Warmack, now an active member of the Veterans of Foreign Wars, joined at the age of 17, with the permission and signature of his father, on April 30, 1943, and was assigned to the U.S.S. Wasp, a CV-18 aircraft carrier. Going into the service, he signed up for the duration of the war.

Warmack and his shipmates, a complement of 333 officers and 2,700 total personnel, ferried soldiers to England to fight in the European theater, shipped supplies through the Strait of Gibraltar to service bases in Italy, and saw intense action fighting against Japanese air squadrons and naval fleets in the Pacific theater.

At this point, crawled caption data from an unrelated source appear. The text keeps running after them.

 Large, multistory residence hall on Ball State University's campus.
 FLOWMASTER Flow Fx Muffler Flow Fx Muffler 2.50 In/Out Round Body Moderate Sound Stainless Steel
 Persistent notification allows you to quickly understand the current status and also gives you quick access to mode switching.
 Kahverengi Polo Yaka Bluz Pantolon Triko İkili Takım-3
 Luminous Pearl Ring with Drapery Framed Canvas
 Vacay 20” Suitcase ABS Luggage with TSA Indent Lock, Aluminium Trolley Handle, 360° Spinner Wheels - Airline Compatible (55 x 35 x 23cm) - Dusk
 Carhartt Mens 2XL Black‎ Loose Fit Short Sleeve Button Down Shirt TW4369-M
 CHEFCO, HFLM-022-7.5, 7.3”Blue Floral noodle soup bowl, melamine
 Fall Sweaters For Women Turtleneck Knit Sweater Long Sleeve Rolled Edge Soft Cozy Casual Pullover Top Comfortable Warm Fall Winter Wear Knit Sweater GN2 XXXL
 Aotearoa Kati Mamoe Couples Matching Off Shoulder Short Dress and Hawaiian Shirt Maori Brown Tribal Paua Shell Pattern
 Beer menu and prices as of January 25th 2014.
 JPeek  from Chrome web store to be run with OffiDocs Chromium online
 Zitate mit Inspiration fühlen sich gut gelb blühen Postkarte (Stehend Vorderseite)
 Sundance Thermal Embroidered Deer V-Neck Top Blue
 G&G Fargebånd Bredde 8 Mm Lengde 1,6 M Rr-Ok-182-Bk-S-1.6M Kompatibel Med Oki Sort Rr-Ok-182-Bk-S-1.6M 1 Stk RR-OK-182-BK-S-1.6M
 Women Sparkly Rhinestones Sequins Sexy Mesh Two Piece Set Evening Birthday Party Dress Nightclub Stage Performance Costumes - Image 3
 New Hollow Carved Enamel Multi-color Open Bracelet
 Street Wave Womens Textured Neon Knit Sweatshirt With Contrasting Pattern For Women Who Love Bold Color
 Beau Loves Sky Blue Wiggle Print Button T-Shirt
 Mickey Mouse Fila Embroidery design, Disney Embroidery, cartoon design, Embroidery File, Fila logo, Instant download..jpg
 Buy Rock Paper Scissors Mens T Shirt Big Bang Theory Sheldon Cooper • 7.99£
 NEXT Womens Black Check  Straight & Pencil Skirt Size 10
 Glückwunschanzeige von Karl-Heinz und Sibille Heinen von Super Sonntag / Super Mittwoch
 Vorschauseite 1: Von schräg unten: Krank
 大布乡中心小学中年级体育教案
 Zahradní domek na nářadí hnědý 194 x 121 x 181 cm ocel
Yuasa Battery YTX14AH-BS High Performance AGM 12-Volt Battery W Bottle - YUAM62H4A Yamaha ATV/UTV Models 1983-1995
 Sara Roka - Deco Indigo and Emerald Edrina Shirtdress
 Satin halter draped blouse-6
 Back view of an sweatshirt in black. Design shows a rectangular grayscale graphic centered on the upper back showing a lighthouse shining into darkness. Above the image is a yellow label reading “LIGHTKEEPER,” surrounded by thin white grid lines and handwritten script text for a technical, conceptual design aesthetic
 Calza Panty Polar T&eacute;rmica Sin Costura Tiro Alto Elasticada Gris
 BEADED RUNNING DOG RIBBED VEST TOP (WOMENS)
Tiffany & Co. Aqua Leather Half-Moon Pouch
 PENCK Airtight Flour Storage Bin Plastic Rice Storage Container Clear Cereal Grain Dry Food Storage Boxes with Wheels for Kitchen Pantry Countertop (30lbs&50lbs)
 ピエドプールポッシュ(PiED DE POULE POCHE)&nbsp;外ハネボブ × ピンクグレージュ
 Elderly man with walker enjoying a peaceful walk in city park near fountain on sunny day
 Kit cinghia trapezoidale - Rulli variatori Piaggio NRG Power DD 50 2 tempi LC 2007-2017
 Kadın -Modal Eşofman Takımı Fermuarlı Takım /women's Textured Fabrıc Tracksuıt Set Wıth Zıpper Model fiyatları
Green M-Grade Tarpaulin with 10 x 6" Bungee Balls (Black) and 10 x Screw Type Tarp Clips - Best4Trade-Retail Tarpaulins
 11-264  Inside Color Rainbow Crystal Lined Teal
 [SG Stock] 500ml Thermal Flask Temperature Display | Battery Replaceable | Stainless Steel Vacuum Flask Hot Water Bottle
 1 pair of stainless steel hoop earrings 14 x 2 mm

As a storekeeper and pointer on the five-inch anti-aircraft gun (the largest on deck), Warmack saw 10 battles against the Japanese, and experienced all the horrible sights and smells of war. He watched the flag raised at Iwo Jima and the bomb dropped on Hiroshima, saw his ship nearly torn to pieces by bombs and survived a typhoon on the way back home.

“One day, as a group in the Mariana Islands, we shot down 500 Japanese planes in one day,” Warmack said about himself and the crew. “That was a long day. It was during the time when the Japanese were really major. They pretty much ruled the Pacific, and Americans were just building ships.”

Tactics often proved advantageous during wartime, Warmack said. He remembers his fleet breaking up into smaller fleets and shifting formation to hide their numbers and identities.

“We didn’t want the same bunch of ships to be seen in the same formation because they would know it was the same one,” Warmack said. “We would dissolve and have different ships escorting us, so it would appear to be a different body altogether. We did a lot of sneaky work through the night to mask our position, to confuse them and make them think we had more ships.”

Battle during the night was confusing and haunting. The dead and disembodied limbs floated in the water and hung from battle stations aboard their vessel, explosions illuminated the darkness in flashes, and the Japanese sometimes attempted to land on the carrier, thinking it was their own.

“Every night, as long as you were in range of Japanese planes, they came out and tried to catch you and drop bombs on you,” Warmack said. “We had our planes sinking ships and sinking other aircraft carriers.”

At Iwo Jima, Warmack remembers watching the famous team of Marines lift the American flag up on the hill, but they took it down and replaced it with a larger flag for a photo op - the famous image now immortalized as a memorial statue.

“We put up a little three-by-five, and they said it wasn’t big enough, then re-enacted it the second time,” Warmack said. “The statue that you see is a re-enactment.”

Off the coast of Japan, under heavy fire, Warmack and his shipmates watched a B-29 drop the atomic bomb on Hiroshima.

“It was red, black, white, it was big and billowing, and then all of a sudden, the mushroom was so big, the plane was hidden,” Warmack said. “There are few people in America that witnessed the dropping of the bomb.”

It was a terrible thing that killed thousands of people in a terrible way, Warmack said, but it was necessary to win the war. Were it not for the atom bombs, the Japanese would have continued fighting and killing more Americans. From this perspective, the bomb actually saved lives, he said.

After Japan surrendered, the carrier’s journey was still far from over. Warmack watched in horror as his ship battled against the waves of a typhoon, worried that the Wasp, already heavily damaged from its many battles, would break apart.

“We had to go right through it,” Warmack said. “One day, we wound up five miles farther back than when we’d started. The ship was 876 feet in length, and there would be three ocean waves along it. One in the front, one in the middle, and one in the back. The destroyers would go completely under the water and then pop back up like a cork.”

But the ship survived, and made its first home port in Bremerton, Wash. Then it traveled through the Panama Canal to the other side of the nation, to port in Boston.

Warmack was asked to re-enlist after he was discharged in 1946, but he decided to go back to school instead. He attended Florida State University to earn a degree in business administration, and worked for 34 years in Valdosta at the paper mill.